:: About this task ::
Look through the data below and output, unchanged, every line from the one holding "Tân Trụ chủ" through the one holding "3768 Martins Run Dr, Lorain, OH 44053", inclusive. Skip the pictures.

Brief descriptive captions:

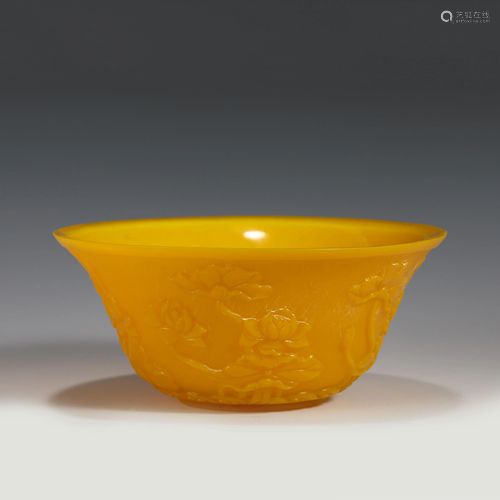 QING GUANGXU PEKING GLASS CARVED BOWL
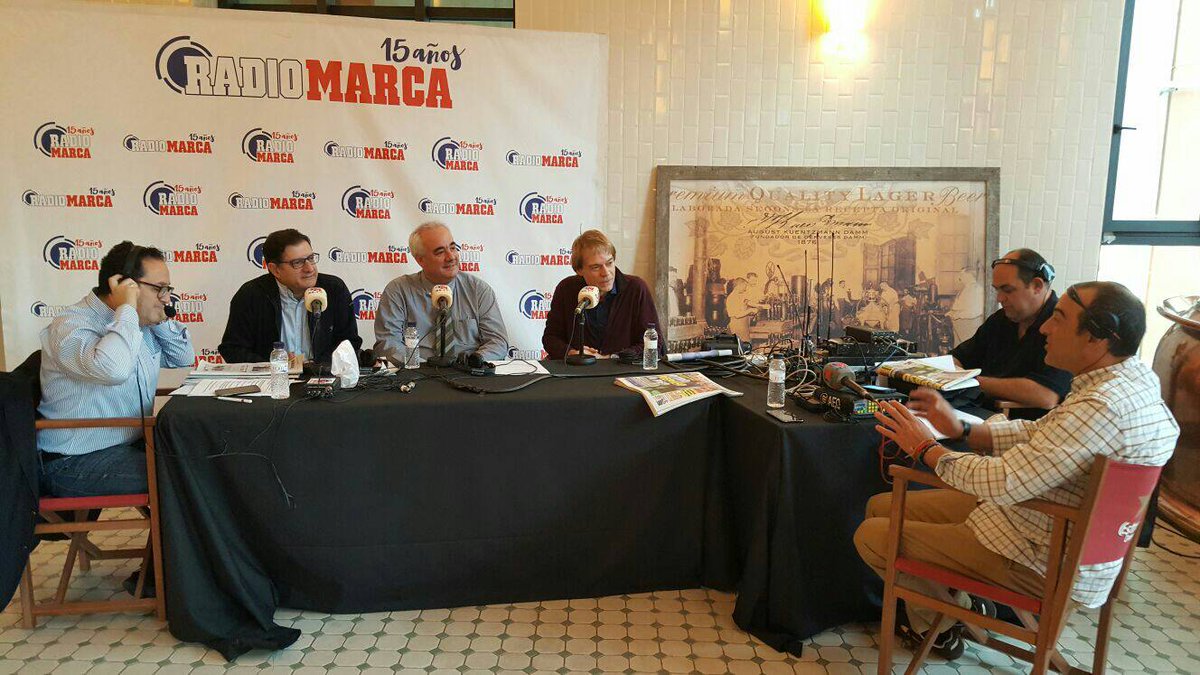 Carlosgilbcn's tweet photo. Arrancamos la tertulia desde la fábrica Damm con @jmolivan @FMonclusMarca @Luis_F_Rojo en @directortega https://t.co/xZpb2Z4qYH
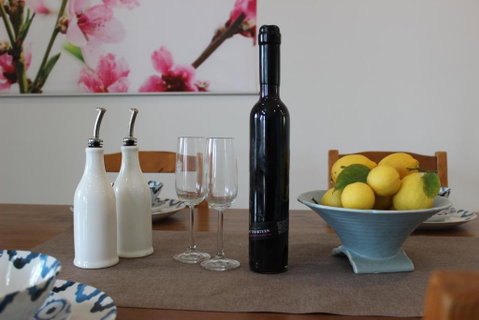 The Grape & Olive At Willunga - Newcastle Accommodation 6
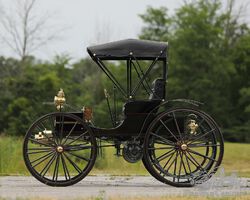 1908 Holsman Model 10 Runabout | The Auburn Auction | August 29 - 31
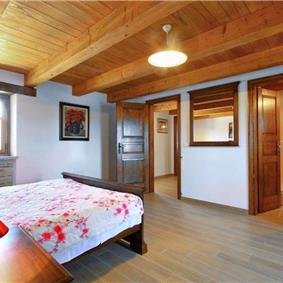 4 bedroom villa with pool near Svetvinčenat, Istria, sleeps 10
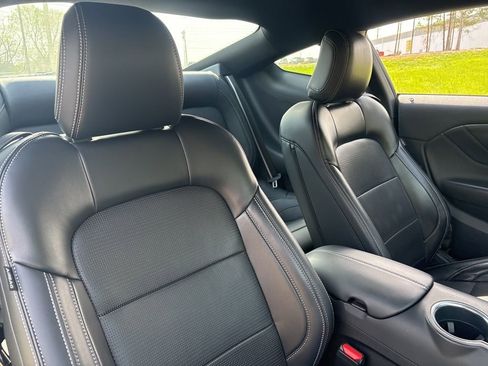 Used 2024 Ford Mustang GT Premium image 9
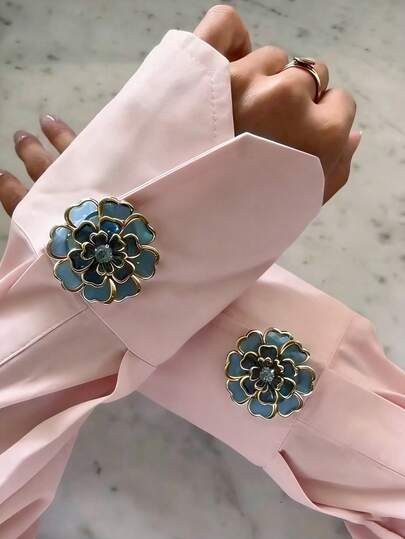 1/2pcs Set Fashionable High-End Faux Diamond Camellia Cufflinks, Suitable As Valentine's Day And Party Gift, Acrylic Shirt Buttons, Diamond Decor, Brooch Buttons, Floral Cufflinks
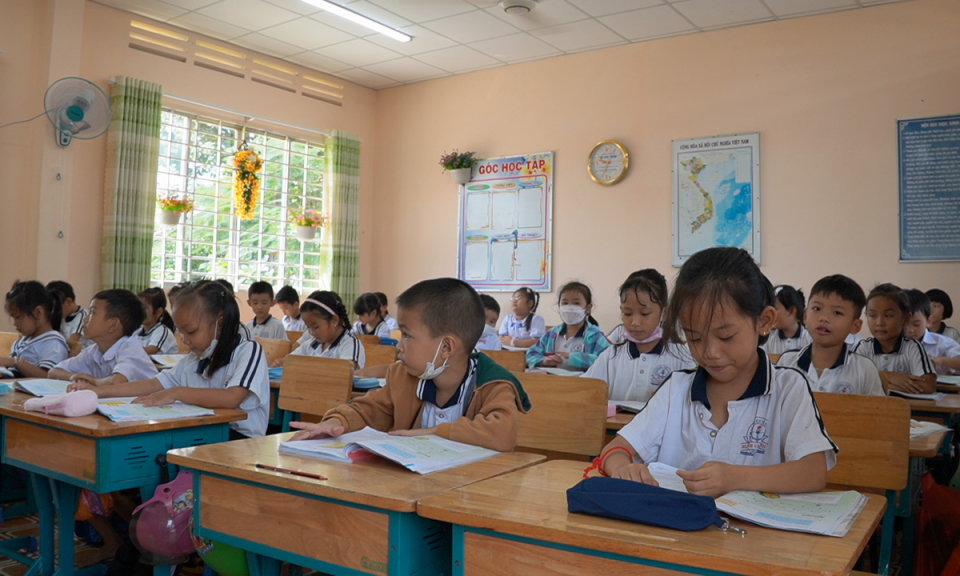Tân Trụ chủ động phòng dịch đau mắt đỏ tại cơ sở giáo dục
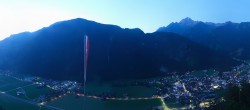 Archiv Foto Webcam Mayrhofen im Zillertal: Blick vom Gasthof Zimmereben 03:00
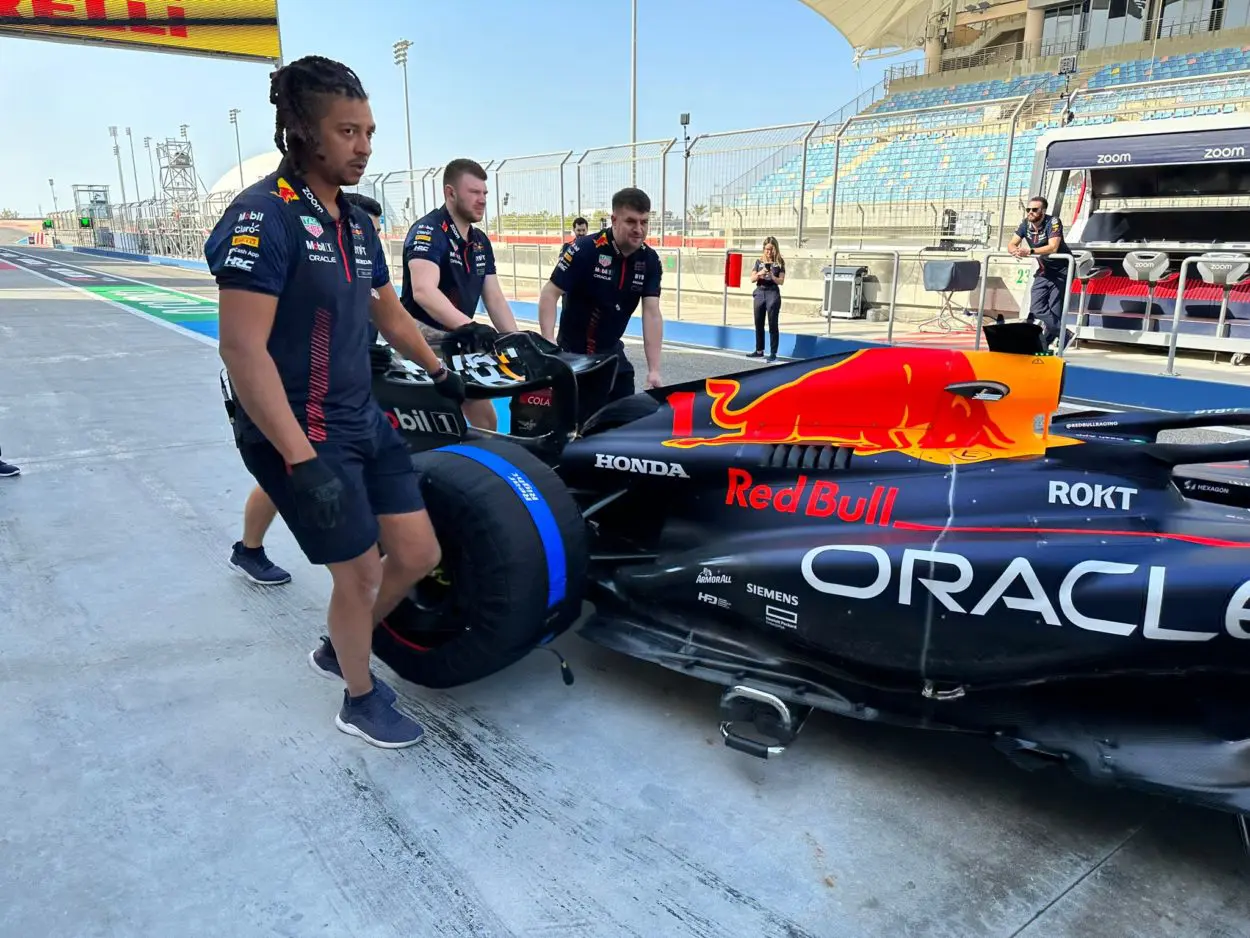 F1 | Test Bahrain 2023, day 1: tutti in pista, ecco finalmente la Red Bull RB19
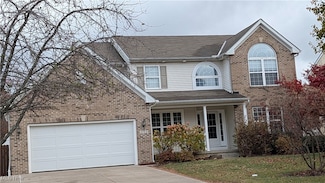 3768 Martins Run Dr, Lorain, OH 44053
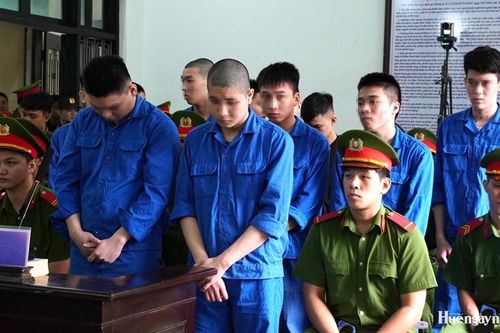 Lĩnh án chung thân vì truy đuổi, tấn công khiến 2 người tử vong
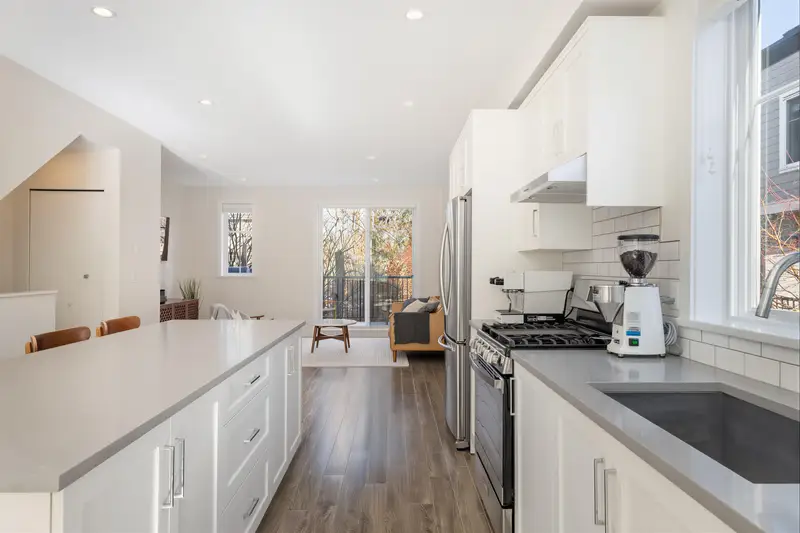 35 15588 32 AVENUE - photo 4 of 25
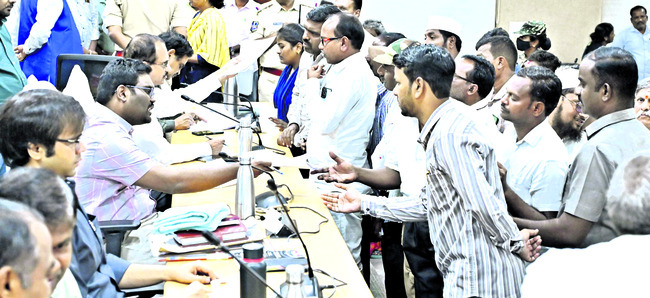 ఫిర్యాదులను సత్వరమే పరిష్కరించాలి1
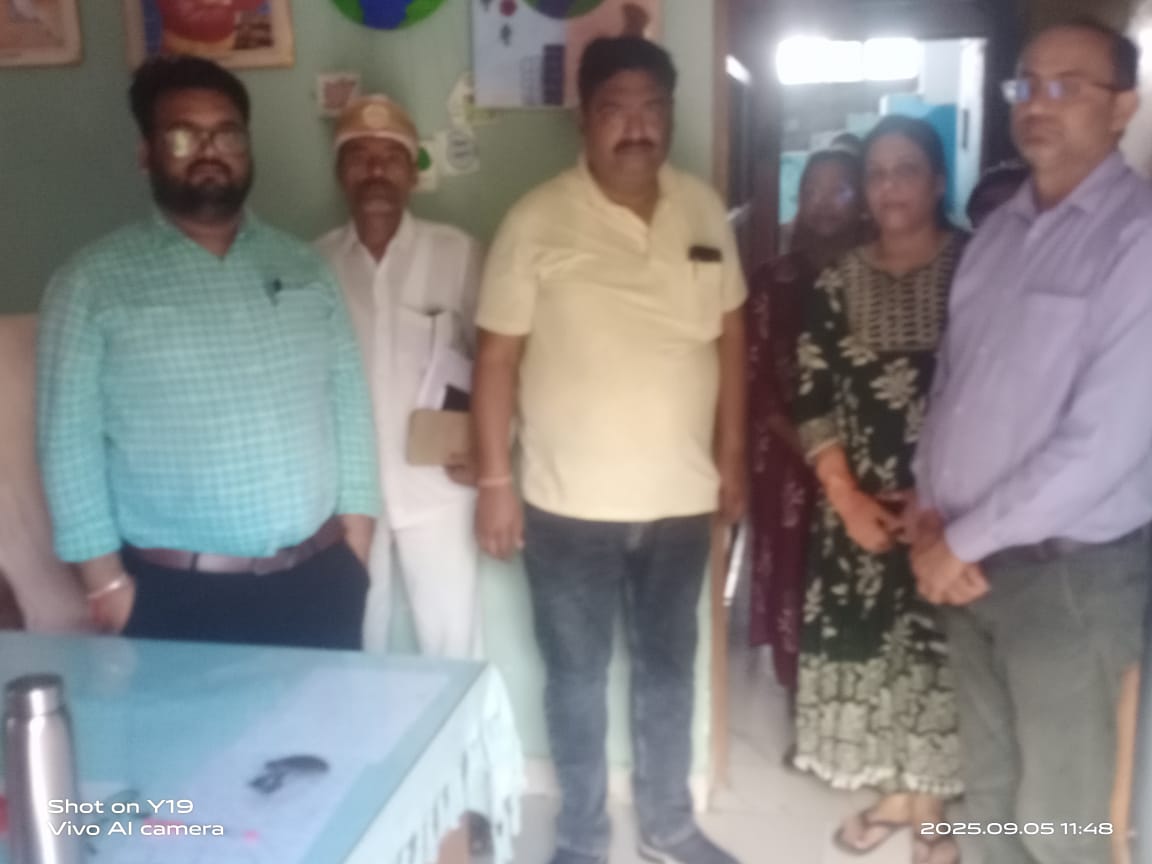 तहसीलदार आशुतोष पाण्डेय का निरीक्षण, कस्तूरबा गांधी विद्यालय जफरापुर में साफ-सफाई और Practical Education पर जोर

:: Answer space ::
Tân Trụ chủ động phòng dịch đau mắt đỏ tại cơ sở giáo dục
 Archiv Foto Webcam Mayrhofen im Zillertal: Blick vom Gasthof Zimmereben 03:00
 F1 | Test Bahrain 2023, day 1: tutti in pista, ecco finalmente la Red Bull RB19
 3768 Martins Run Dr, Lorain, OH 44053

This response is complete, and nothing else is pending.